Hi everyone. I set out to create a really simple alert, when the CPU idle percentage drops below 20% I want an alert. For simplicity I chose the logging action and metric beats is running on a few servers and posting data.
I found this really difficult! I'm a seasoned developer and I'm using the ElasticSearch reference pages but it still took a looooong time to get this to begin to function, I'll paste the PUT request I finally came up with but I have some questions:
- Are there plans to create a UI for this?
- The docs say to use
ctx.payload.hits.hits.0.fields.theThingIWant
, didn't work for me.

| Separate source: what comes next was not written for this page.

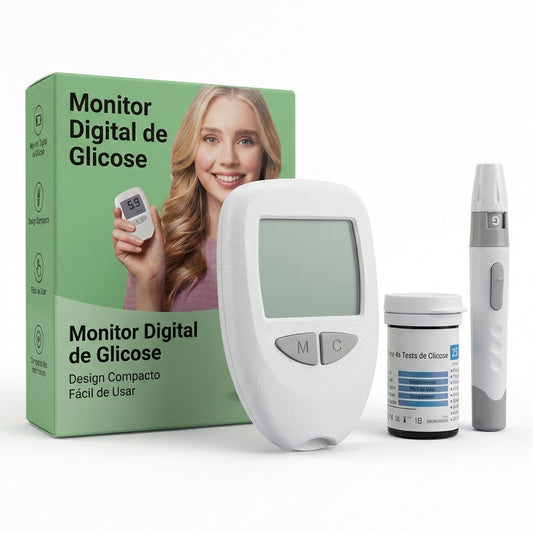 GlucoVita Pro - Kit de Monitoramento de glicose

Is the syntax I have withblah.hits.0._source
a bad idea? - This get's the most recent result where the idle %age is less than 0.2, but what if three servers were running hot. How would I change this to create alerts for all three? I can change the
size
property and I guess a date range would be a good idea but how do I deal with a collection of results in the action section? - Is there a good tutorial for system vitals monitoring like this?
- Is this too many questions in one post?
Here's the PUT request:
PUT _xpack/watcher/watch/CPU_spike
{
"trigger": {
"schedule": {
"interval": "10s"
}
},
"input": {
"search": {
"request": {
"indices": [
"metricbeat-*"
],
"body": {
"size": 1,
"sort" : { "@timestamp" : "desc" },
"query": {
"exists": {
"field": "system.cpu.idle.pct"
}
}
}
}
}
},
"condition" : {
"compare" : {
"ctx.payload.hits.hits.0._source.system.cpu.idle.pct" : {
"lte" : 0.2
}
}
},
"actions": {
"log": {
"logging": {
"text": "{{ctx.payload.hits.hits.0._source.beat.name}} is only idle at {{ctx.payload.hits.hits.0._source.system.cpu.idle.pct}}"
}
}
}
}